Three separate National Grasslands are located in this state. All are administered by Custer National Forest, which is based in Montana but has a district office in North Dakota.

Largest is 524,000-acre Little Missouri National Grasslands, which surrounds the two units of Theodore Roosevelt National Park in western and southwest North Dakota.

Included here is some fine badlands scenery, with high buttes, areas of prairie, and trees which include ash and elm, juniper and ponderosa pine. There’s also a sizable stretch of the Little Missouri River.

In the southeastern part of the state is 70,180-acre Sheyenne National Grasslands. The Shey-enne River flows through this region, with some elm-basswood forest and other stands of trees amid rolling prairie.

The third area in the state is 6,700-acre Cedar River National Grasslands, which surrounds the Cedar River in southwestern North Dakota, near the South Dakota border.

All of the National Grasslands have major areas of tallgrass prairie, with sandy soil and many wild-flowers. Wildlife includes white-tailed and mule deer, antelope, bighorn sheep, coyote, and prairie dog. Cattle grazing is permitted in some regions.

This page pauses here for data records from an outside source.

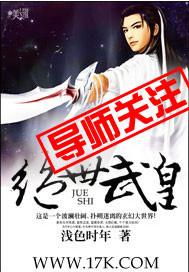 绝世武神全文免费阅读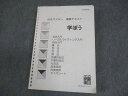 伊藤塾 司法試験 体系マスター 講義テキスト 学ぼう 法学入門 2019年合格目標 ☆ 027S4D
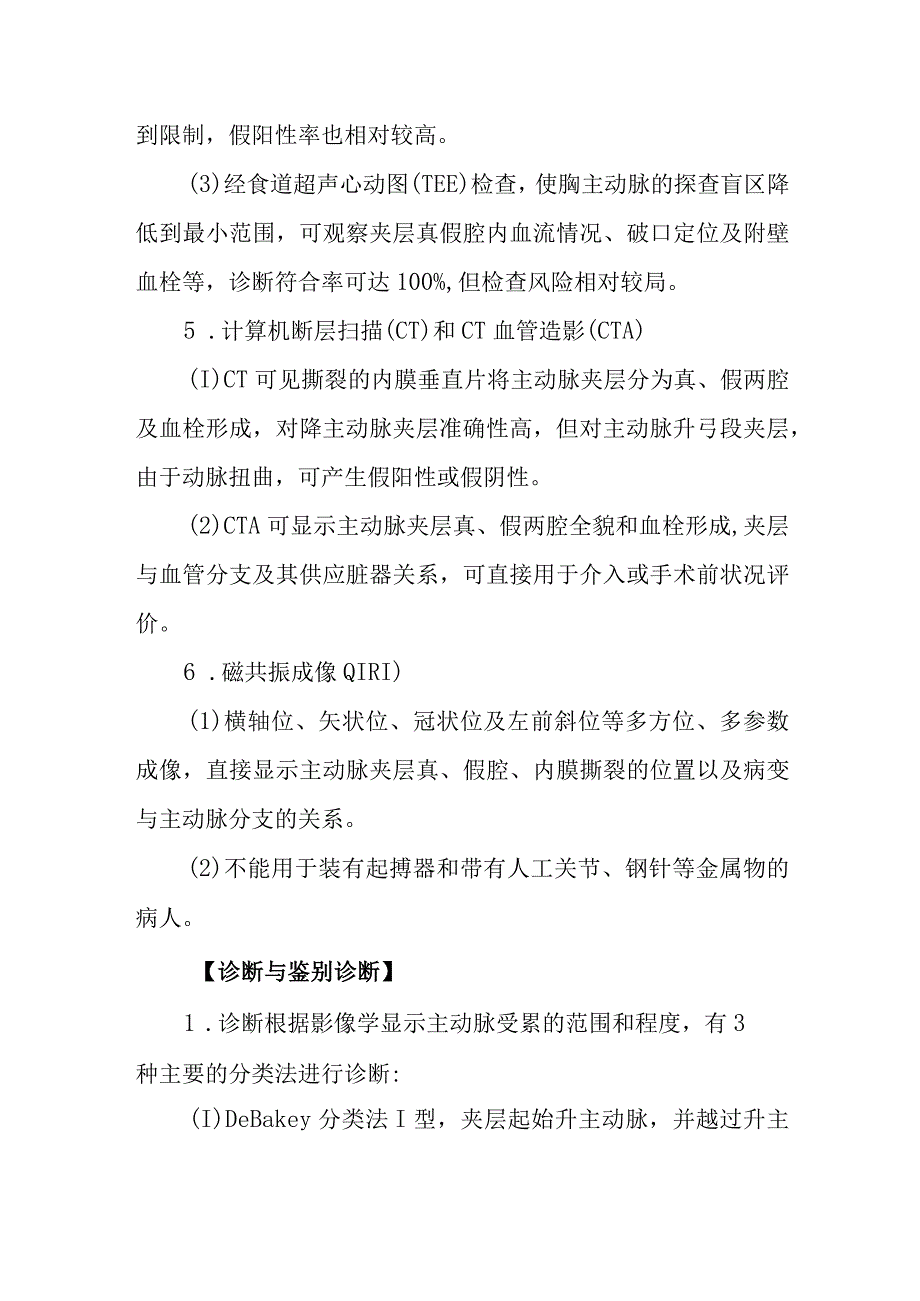 主动脉夹层诊疗常规.docx_第3页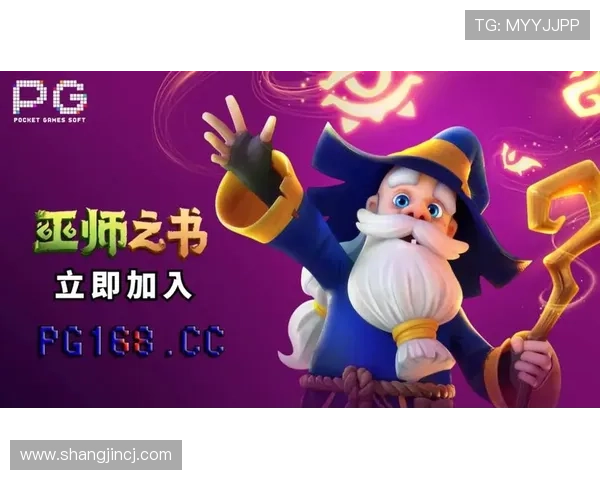 最新PG电子游戏试玩平台网站排行榜为玩家推荐最受欢迎的试玩游戏资源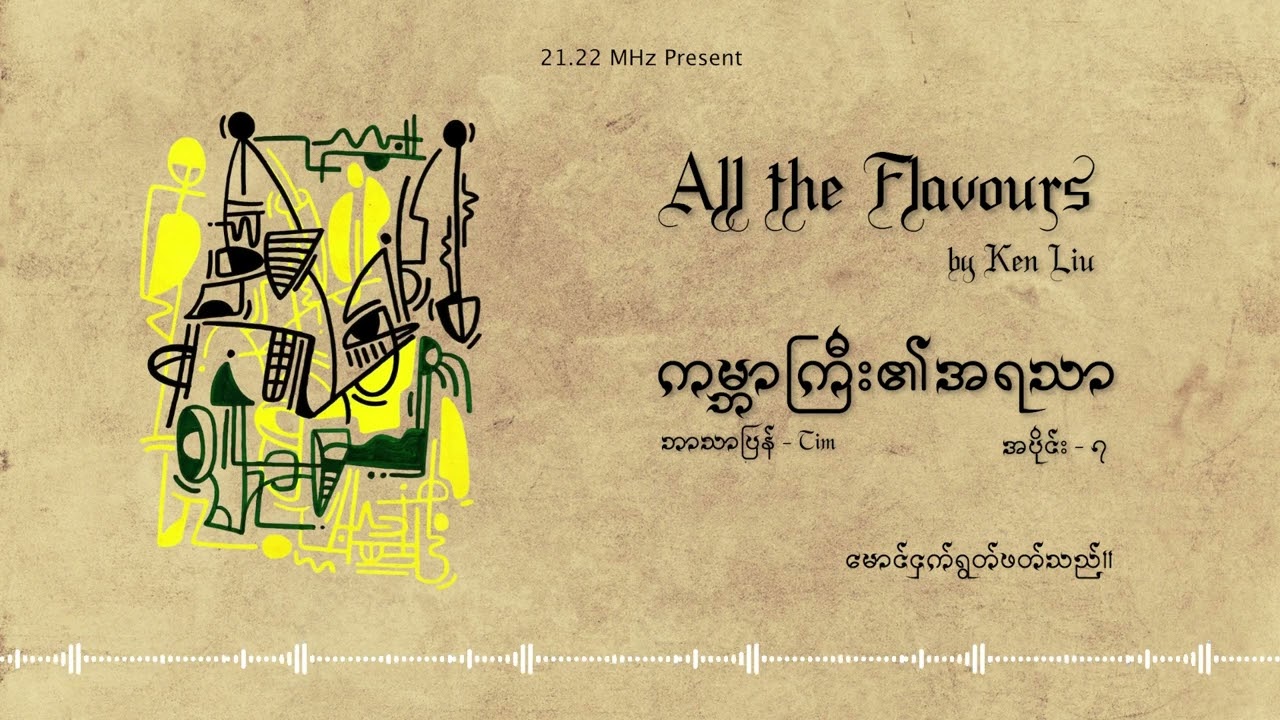 All the Flavours - Episode 8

Activities: The only established trail for hiking and backpacking is a 25-mile section of the new North Country Trail, which passes through Sheyenne National Grasslands.

Cross-country travel is feasible in most parts of the Grasslands. Horseback riding is allowed. Canoeing and fishing are possible on the rivers. Hunting is permitted in season.

Camping Regulations: Camping and campfires are allowed throughout all the Grasslands, except where posted otherwise. There are no designated campsites. Permits are not required. Campsites should be well away from trails and water sources.